Leonardo Sciascia, oltre tre decenni or sono, formulò una richiesta al Parlamento italiano, proponendo che per un tempo determinato si astenesse dal varare leggi di riforma, pur continuando a percepire lo stipendio nelle persone dei singoli parlamentari. Lo scrittore infatti temeva non solo le leggi vigenti – già allora confuse, aggrovigliate, a volte inesplicabili – ma, ancor di più, le leggi di riforma che le avrebbero sostituite: in realtà, ancor più confondendole, aggrovigliandole, rendendole impossibili da decifrare. Naturalmente, il Parlamento continuò imperterrito a riformare tutto il riformabile ed anche il non riformabile.

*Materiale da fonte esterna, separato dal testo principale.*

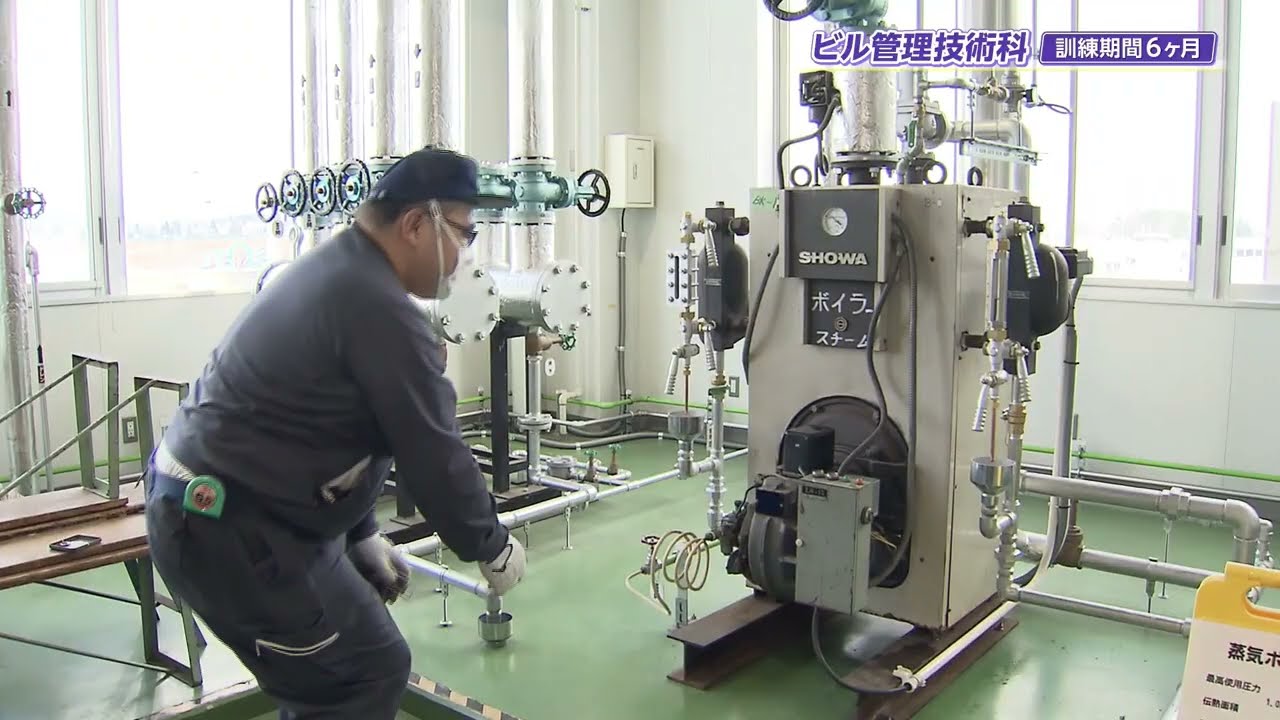 【ポリテクセンター秋田】ビル管理技術科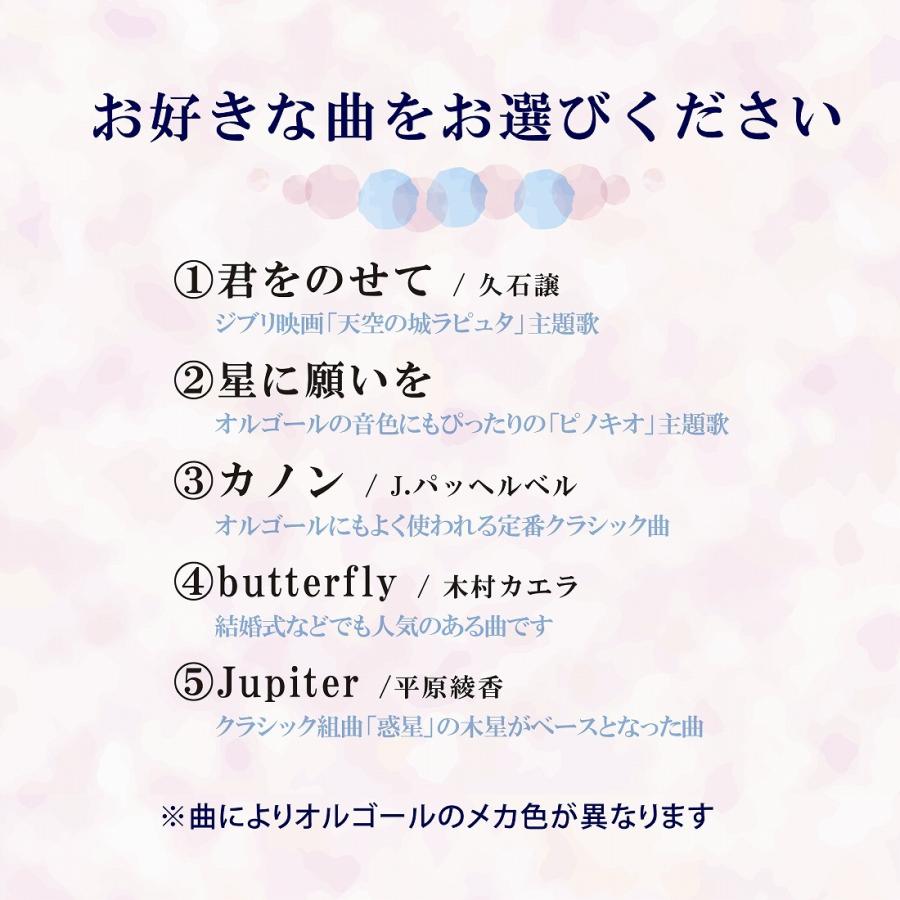 18弁 オルゴール リングピロー ボックス ブラウン 名入れ彫刻代込み 名入れ 誕生日 プロポーズ 名前 記念日 発表会 プレゼント お祝い 入学祝 サプライズ |  | 04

Ebbene, oggi le cose non sono molto diverse, se il Governo mette mano a riformare per l’ennesima volta il Consiglio superiore della magistratura. E intende farlo sotto due direttrici complementari, ma entrambe assai discutibili. Per un verso, intende sorteggiare i componenti del Csm – sia pure da una rosa predeterminata – allo scopo di sottrarli all’egemonia delle correnti e delle lorio intestine lotte di potere. Il sorteggio è stato nell’antichità uno dei metodi tradizionali dell’agone democratico. Tuttavia, esso – icasticamente definito quale metodo di una “aleocrazia” (cioè democrazia dell’azzardo) – presta il fianco a due obiezioni insuperabili: esso infatti da un lato non tiene in alcun conto le qualità soggettive delle persone sorteggiate, la loro competenza, i loro limiti, le loro reali capacità; dall’altro lato, non spinge in alcun modo i sorteggiati a far del loro meglio per ottenere una eventuale riconferma, impossibile nel sorteggio. Infatti, il sorteggio è un metodo arcaico, buono per le società non ancora sviluppate, ove le fazioni e le contrapposizioni siano tanto violente da sfociare nella ingovernabilità.

Oggi, residua solo nella scelta dei componenti popolari delle giurie di Corte d’Assise, ma per una motivazione fondamentalmente diversa: qui il sorteggio serve solo a garantire che i giudici non possano esser scelti con criteri previamente politici, non ispirati a giustizia.

Per altro verso, il Governo vuole attribuire al Csm il compito di indicare alle Procure, periodicamente, ove rivolgere in via prioritaria l’azione penale, che tuttavia rimane obbligatoria. Un vero assurdo: attribuire ad un organo di amministrazione – quale il Csm – la scelta dei reati da perseguire, finendo con il subordinare alla prospettazione politica o parapolitica l’attività giurisdizionale.

Insomma, un vero pasticcio, per giunta anche incostituzionale. Se ne accorgerà il Governo?